-- Provided material follows --

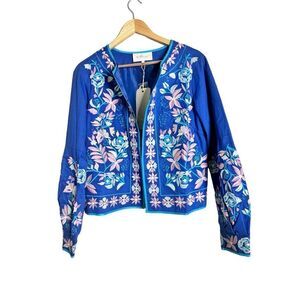 LA BELLUM BY HILLARY SCOTT BLUE & MULTI FLORAL EMBROIDERED JACKET SIZE L - NWT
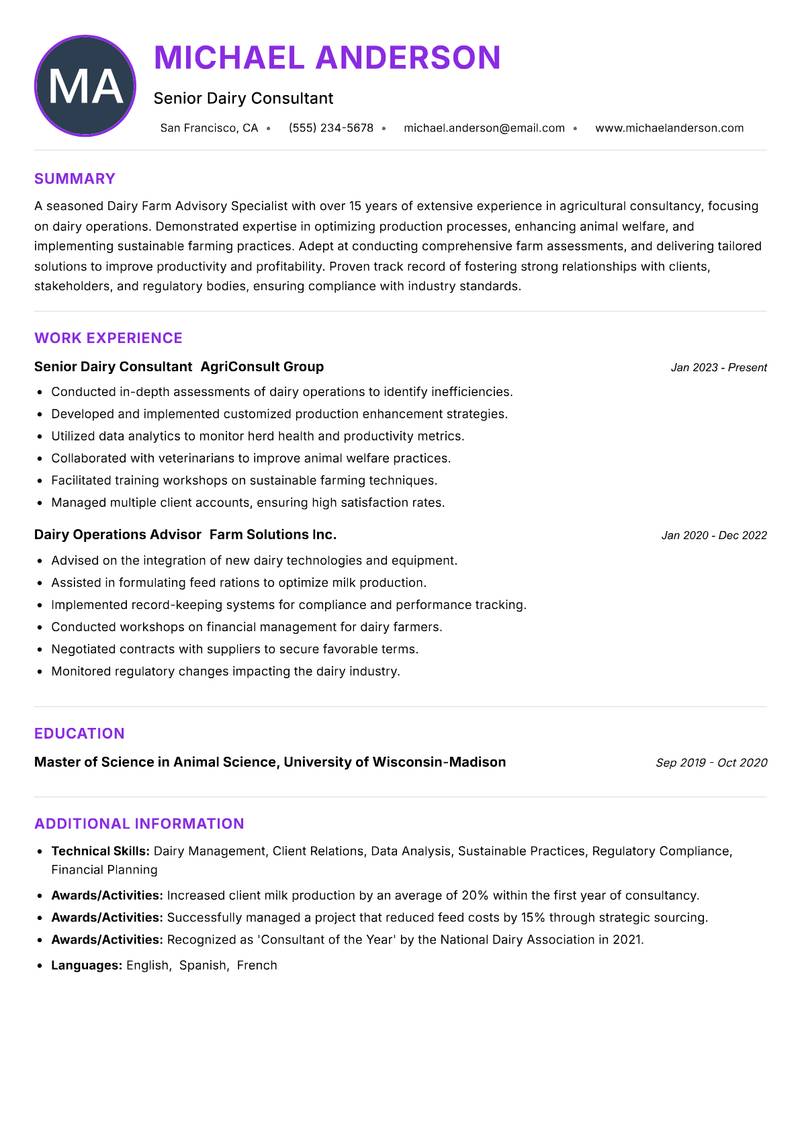 Dairy Farm Advisory Specialist resume example — ATS-friendly template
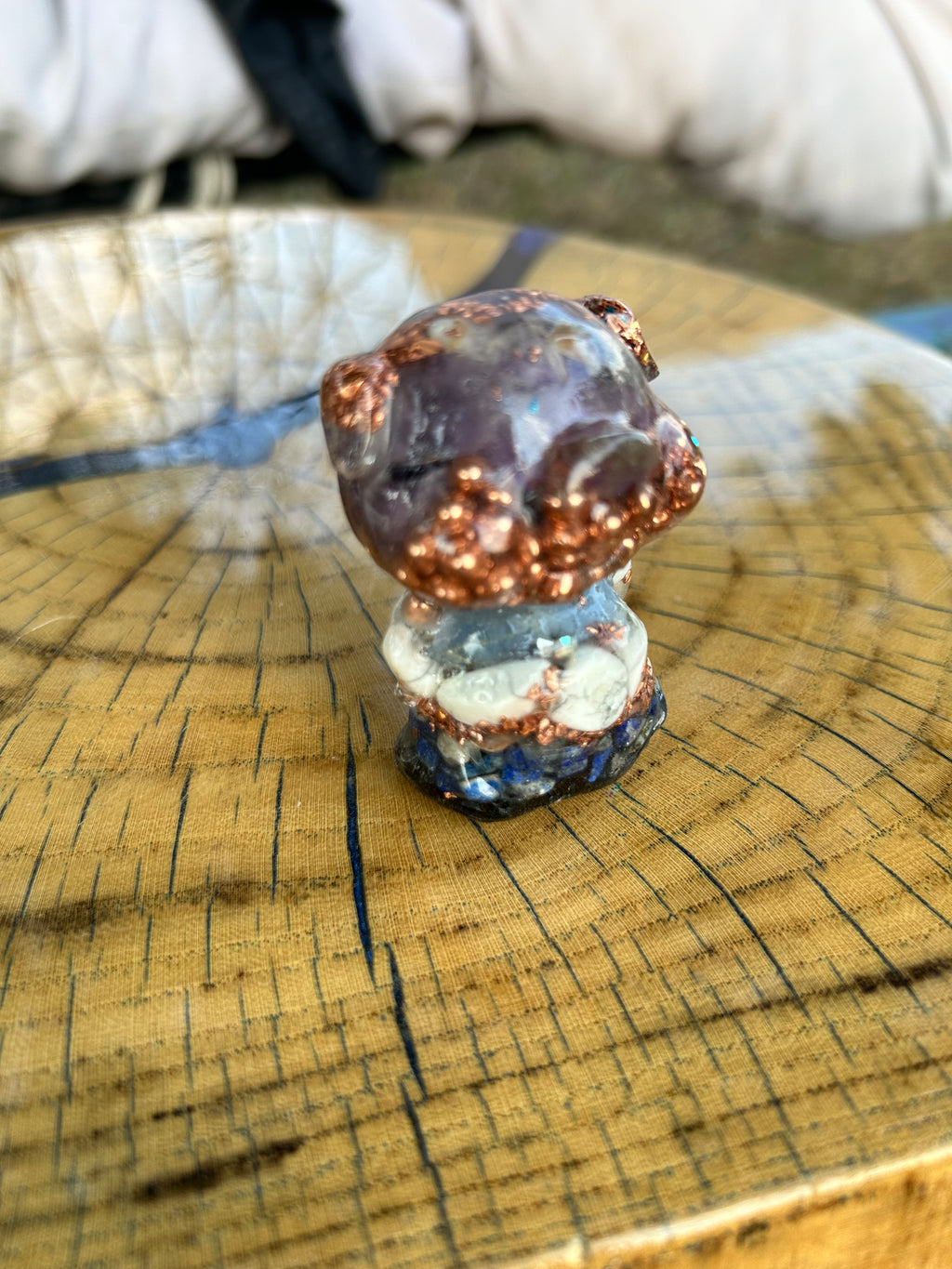 Handmade Orgonite Pig – Amethyst, Blue Lace Agate, Howlite & Lapis Lazuli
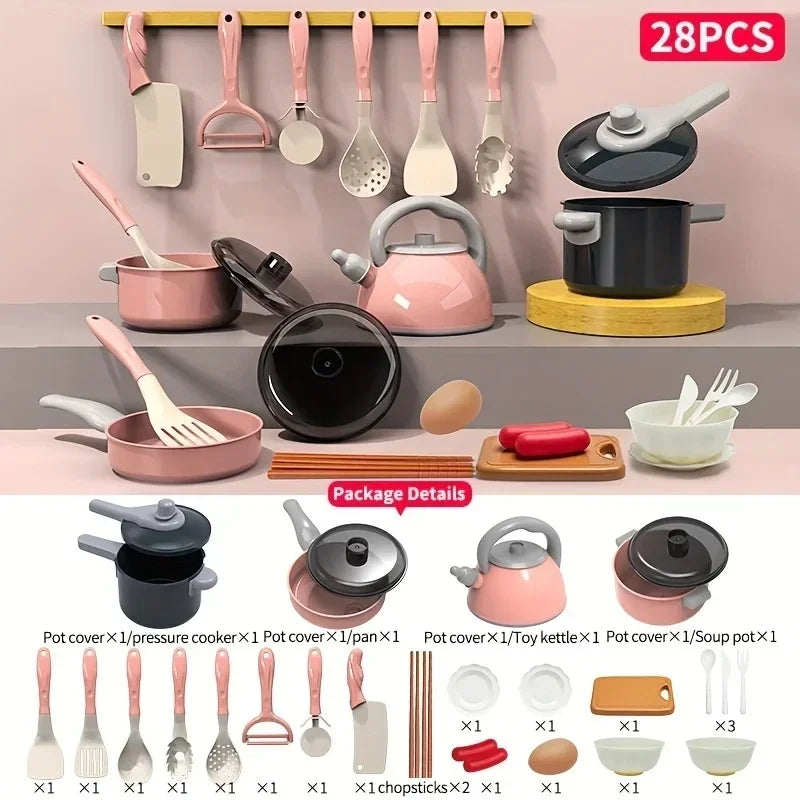 28-Piece Kids Kitchen Play Set – Pretend Cooking & Food Accessories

-- Provided material concluded --

● **Assignment**: Restate the listing above word for word, and skip the pictures.

● **Answer to the exercise**:
 LA BELLUM BY HILLARY SCOTT BLUE & MULTI FLORAL EMBROIDERED JACKET SIZE L - NWT
 Dairy Farm Advisory Specialist resume example — ATS-friendly template
 Handmade Orgonite Pig – Amethyst, Blue Lace Agate, Howlite & Lapis Lazuli
 28-Piece Kids Kitchen Play Set – Pretend Cooking & Food Accessories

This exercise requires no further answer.